Notice in step 3 that Rollback is sent if some participant fails to respond. This is detected by using a timeout. Let’s look at all possible failures and how different models and different implementation decisions affect the outcome of the algorithm.
1. Coordinator fails to send Query to commit
Coordinator                                           Participants
                            1. QUERY TO COMMIT
                ------> X
  • If the coordinator fails before sending any Query to commit, there is no issue with regard to consensus — the algorithm has not commenced yet (it starts with the first Query to commit). The participants will be blocked until the coordinator recovers. The problem here is purely practical: waiting for the coordinator could severely impact performance since the transaction could have locked some resources. To prevent that, we can use a timeout and rollback, however note that there is no upper bound for us to use as the timeout even in a synchronous model! This is because, in a generic database system, there is no upper limit on the length of the transaction — it is dependent on the input from the client and can be arbitrarily long. Thus, we’re not able to distinguish between a crashed coordinator and a long-running transaction. While using a timeout would be safe in terms of all nodes reaching consensus (once the coordinator recovers, participants that already rolled back simply respond with No to Query to commit), there would always be some risk of rolling back an ongoing transaction unnecessarily. It is nonetheless still worth considering as it should be fairly small (indeed, some databases give you the option to configure a transaction timeout).
  • If the coordinator fails after it already sent Query to commit to some of the participants, the above point does not pertain to the participants that received the query. For these participants, see case number 3 below.
2. Participant fails to respond to Query to commit
Coordinator                                           Participants
                            1. QUERY TO COMMIT
                -------------------------------->
                            2. ?           
                                       X <-------
                            3. ROLLBACK
                -------------------------------->
  • In a synchronous system, we can use the upper bound on the delay as a timeout to detect the failure and rollback the transaction. If the failed participant subsequently recovers and sends its vote (an omission failure), the coordinator will simply respond with the rollback.
  • In an asynchronous system, there is a chance the participant did not fail and is simply taking too long to respond. Similarily to the previous cases, it is safe to use a timeout and rollback the transaction. If the participant that appeared faulty was in fact healthy, the transaction will be rolled back unnecessarily, however consensus will be reached and data integrity protected.

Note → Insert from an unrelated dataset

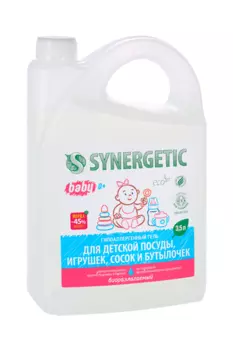 Гель SYNERGETIC д/мытья детской посуды/игрушек/сосок и бутылочек гипоаллергенный 3,5 л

3. Coordinator fails to send Commit/Rollback
Coordinator                                           Participants
                            1. QUERY TO COMMIT
                -------------------------------->
                            2. YES          
                <--------------------------------
                            3. ?
                ------> X
  • Here we have a problem. Imagine the coordinator sends Commit to half of the participants, then crashes. If the remaining participants use a timeout and rollback (even in a synchronous model), we will get a group of participants that will commit and a group that will rollback, breaking safety and thus data integrity. Without the timeout, the participants will be blocked until the coordinator recovers, breaking liveness (this is, in fact, the chosen approach in transactional databases where consistency is more important than availability).
4. Participant fails after it receives Commit/Rollback
  • Failure at this point has no effect on consensus — all healthy nodes receive the value from the coordinator independently. Of course, failure here would affect the execution phase as the decided action would not be carried out by the failed participant. This, however, cannot be prevented and the only thing we can do is to detect the failure (final ACK message) and run a recovery process (in most cases automatic).
By now you might be asking, why would anybody choose such an imperfect protocol? First of all, thanks to FLP we know that in the real world with intrinsically asynchronous systems, we will never get a perfect reliable consensus algorithm. There will always be some kind of risk. As with everything in tech, it comes down to tradeoffs — different solutions yield different characteristics in terms of performance, which properties the algorithm loses, to what degree, under what circumstances and probabilities. The 2-Phase Commit is a good example of such tradeoff: in exchange for low message complexity (under ideal circumstances 3 message delays to commit/rollback) we accept some risk of losing liveness.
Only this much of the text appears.